Our findings should be interpreted alongside the strengths and limitations of our study. We used a single, large comprehensive national case register covering the entire health system. This allowed us to estimate the incidence of NAPD with a high degree of precision. We also included a wide age-range, starting at age 10, which is uncommon in incidence studies. Nonetheless, some limitations of our study design need to be acknowledged. Our rate estimates should be interpreted as treated incidence rates from those present in the health system in Chile, although the detection of cases who never present to services is not unique to the present study and healthcare access in Chile is good (Barber et al., 2017). We also had to rely on clinical diagnoses at first presentation, without recourse to any standardized instrument. To minimize diagnostic uncertainty, we purposively used the broad diagnostic category of all NAPDs. Clinical diagnoses have been demonstrated to be reliable in other settings (Dalman, Broms, Cullberg, & Alleback, 2002) and our estimates are in line with the existing literature, providing some face validity to our findings.
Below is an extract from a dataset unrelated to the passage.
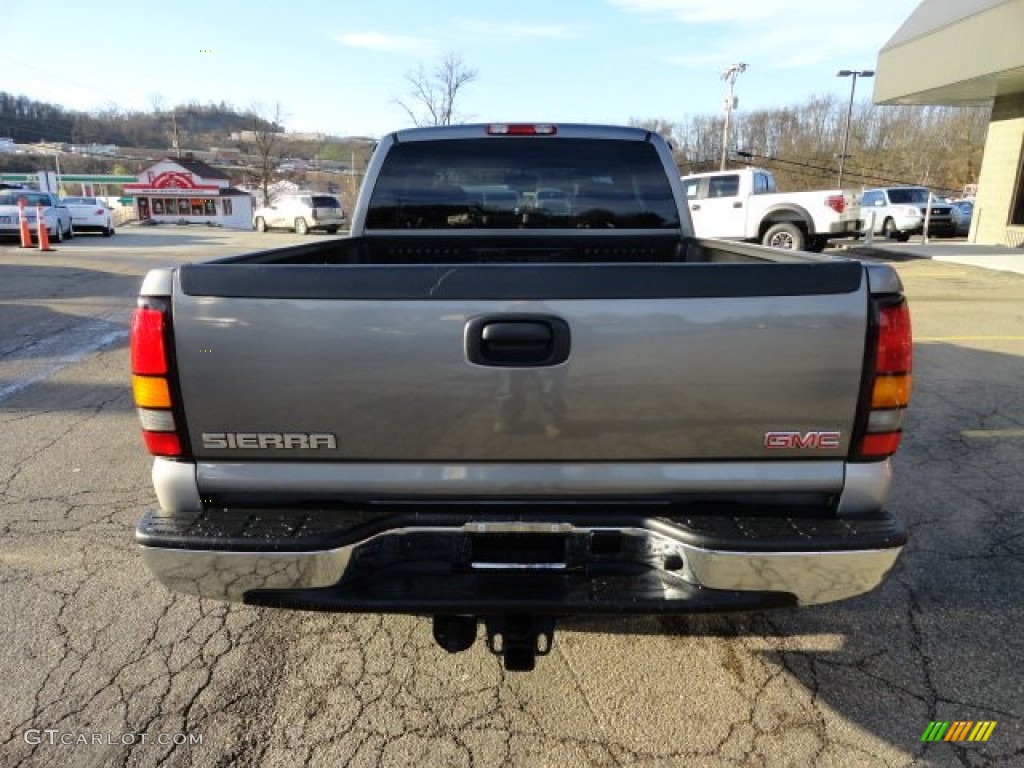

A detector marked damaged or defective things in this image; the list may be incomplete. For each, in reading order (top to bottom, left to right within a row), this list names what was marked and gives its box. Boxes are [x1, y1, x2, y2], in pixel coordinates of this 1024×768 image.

cracked pavement [2, 233, 1024, 768]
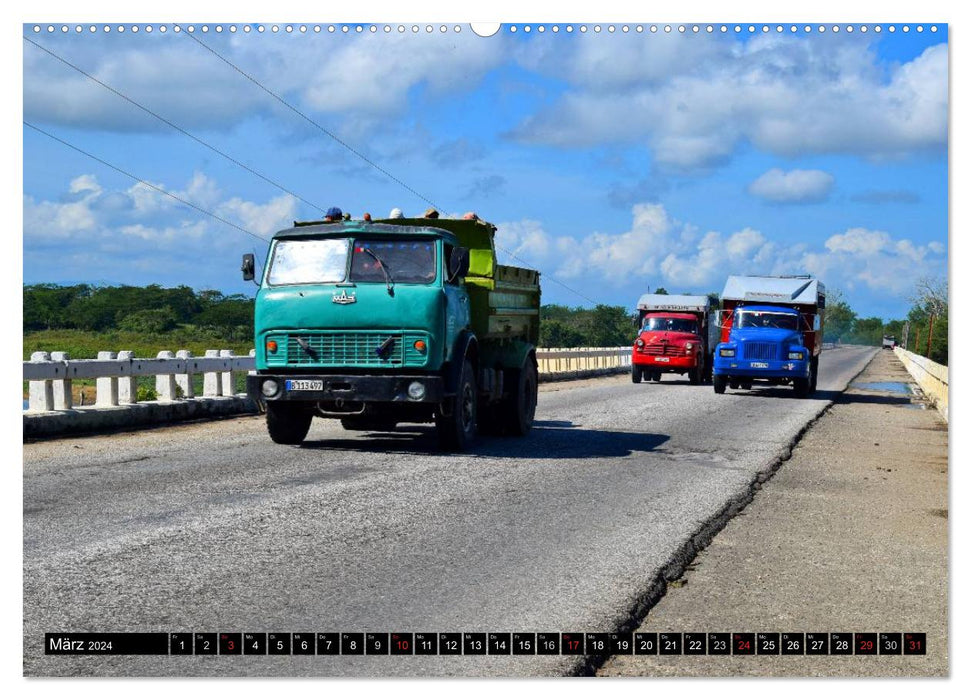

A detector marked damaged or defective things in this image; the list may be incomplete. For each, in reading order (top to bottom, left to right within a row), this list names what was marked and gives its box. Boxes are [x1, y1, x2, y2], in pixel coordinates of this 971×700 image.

cracked asphalt [20, 348, 872, 676]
Nonetheless, it is essential that future studies in Chile assess the validity and reliability of these register-based diagnoses. Our geographical analyses of variance in incidence rates were restricted to broad regions, which may have obscured elucidation of smaller area effects on the incidence of NAPD. Finally, due to the available data, we could not investigate the role of migrant status or ethnicity.

Conclusions

We have characterized variance in the incidence of NAPD in a nationwide register study in the Global South for the first time. Our replication of well-established variation in rates by age and sex underscore the differential risks exhibited for men and women over the life course and should inform public mental health policymakers about the need for timely access to early intervention for psychosis. As elsewhere, our results suggest NAPD rates are elevated in the very poorest regions and provide a target for effective resource allocation to address such disparities. Finally, we found no evidence of an association with population density in Chile, suggesting this may be a context-dependent risk factor for NAPD.